_YOUR INSTRUCTIONS_
Each line of the records that holds "Vacuum" should be shown in full.

─── TASK INPUTS

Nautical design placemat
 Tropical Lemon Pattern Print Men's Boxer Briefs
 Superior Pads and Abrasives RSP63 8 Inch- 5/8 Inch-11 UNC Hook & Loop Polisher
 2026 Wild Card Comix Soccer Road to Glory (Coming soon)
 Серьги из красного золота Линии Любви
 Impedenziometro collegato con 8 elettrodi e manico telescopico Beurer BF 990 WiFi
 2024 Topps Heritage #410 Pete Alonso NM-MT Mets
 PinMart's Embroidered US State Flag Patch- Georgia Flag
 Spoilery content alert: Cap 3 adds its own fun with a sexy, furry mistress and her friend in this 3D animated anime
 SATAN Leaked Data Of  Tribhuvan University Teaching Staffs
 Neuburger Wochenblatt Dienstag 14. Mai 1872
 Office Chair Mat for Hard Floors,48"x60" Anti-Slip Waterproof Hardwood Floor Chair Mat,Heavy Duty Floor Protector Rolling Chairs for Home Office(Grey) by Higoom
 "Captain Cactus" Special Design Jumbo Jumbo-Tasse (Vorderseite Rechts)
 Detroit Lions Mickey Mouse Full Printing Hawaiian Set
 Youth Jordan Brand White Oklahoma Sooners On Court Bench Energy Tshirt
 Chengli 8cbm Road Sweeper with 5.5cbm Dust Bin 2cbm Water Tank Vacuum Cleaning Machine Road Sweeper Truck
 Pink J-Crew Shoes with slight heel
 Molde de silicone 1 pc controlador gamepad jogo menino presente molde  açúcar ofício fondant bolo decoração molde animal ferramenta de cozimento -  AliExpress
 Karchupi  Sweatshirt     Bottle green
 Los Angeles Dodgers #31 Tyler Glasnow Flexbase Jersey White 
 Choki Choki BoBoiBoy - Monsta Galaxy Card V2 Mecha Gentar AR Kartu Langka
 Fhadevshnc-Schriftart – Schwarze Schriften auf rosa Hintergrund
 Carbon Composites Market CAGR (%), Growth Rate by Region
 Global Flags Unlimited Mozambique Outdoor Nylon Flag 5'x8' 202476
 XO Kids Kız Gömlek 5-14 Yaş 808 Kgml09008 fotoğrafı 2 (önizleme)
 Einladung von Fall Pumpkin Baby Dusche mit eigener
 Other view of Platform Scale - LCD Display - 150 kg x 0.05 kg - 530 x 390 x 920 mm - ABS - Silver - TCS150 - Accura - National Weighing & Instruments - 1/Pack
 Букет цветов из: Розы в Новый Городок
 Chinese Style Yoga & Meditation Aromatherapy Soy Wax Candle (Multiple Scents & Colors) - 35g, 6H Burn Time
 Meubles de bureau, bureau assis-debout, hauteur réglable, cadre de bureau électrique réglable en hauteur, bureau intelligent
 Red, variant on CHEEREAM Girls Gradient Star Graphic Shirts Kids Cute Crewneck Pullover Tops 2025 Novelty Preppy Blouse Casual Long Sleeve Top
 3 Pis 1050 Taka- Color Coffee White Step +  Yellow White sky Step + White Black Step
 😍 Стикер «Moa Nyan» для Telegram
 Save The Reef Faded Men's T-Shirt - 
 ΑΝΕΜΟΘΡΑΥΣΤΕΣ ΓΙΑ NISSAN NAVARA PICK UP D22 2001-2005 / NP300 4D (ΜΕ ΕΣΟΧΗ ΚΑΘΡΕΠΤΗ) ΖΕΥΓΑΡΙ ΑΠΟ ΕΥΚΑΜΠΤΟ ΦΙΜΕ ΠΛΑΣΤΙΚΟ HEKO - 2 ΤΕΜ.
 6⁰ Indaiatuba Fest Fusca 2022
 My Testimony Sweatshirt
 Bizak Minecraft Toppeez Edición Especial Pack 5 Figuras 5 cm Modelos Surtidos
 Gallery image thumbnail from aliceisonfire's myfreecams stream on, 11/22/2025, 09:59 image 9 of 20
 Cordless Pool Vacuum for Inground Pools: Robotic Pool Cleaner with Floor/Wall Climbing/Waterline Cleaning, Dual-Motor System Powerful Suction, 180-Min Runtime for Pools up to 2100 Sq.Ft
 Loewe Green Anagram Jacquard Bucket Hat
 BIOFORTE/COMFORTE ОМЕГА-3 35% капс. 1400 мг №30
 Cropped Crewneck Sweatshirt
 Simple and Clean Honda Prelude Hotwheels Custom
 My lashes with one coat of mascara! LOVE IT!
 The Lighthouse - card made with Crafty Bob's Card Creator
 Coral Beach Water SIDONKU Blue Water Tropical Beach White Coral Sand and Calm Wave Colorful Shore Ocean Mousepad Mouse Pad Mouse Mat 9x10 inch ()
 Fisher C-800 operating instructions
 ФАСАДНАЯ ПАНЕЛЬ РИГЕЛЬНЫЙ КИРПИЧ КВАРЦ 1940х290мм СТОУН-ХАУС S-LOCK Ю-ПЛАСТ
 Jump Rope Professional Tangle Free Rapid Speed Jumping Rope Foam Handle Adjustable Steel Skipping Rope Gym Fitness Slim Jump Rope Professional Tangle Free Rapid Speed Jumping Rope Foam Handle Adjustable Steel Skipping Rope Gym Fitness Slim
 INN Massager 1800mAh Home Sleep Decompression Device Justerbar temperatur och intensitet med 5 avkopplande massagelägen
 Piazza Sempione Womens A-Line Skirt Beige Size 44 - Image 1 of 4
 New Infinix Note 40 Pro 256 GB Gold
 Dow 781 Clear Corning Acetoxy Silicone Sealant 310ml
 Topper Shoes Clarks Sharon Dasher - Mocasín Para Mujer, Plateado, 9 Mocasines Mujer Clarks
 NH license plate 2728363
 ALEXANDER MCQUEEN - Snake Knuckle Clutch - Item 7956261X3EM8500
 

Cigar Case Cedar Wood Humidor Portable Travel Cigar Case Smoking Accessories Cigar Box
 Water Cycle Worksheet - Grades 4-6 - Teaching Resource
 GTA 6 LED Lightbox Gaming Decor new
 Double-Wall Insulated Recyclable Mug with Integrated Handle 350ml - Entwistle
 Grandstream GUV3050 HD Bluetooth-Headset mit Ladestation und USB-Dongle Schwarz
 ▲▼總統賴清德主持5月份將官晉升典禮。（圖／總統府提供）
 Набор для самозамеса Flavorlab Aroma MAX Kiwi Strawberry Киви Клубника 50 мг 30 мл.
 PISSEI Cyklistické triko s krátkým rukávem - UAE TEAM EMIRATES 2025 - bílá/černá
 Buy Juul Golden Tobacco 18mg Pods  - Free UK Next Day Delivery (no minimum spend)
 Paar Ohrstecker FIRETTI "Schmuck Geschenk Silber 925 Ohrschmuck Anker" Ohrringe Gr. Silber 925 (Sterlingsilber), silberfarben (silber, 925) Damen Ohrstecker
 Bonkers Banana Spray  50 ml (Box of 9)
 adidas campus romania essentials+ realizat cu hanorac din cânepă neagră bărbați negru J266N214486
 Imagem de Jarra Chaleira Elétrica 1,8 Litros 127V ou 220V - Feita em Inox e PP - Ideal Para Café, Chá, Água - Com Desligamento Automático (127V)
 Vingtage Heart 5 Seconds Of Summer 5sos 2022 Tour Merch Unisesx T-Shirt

──────

_RESPONSE_
 Chengli 8cbm Road Sweeper with 5.5cbm Dust Bin 2cbm Water Tank Vacuum Cleaning Machine Road Sweeper Truck
 Cordless Pool Vacuum for Inground Pools: Robotic Pool Cleaner with Floor/Wall Climbing/Waterline Cleaning, Dual-Motor System Powerful Suction, 180-Min Runtime for Pools up to 2100 Sq.Ft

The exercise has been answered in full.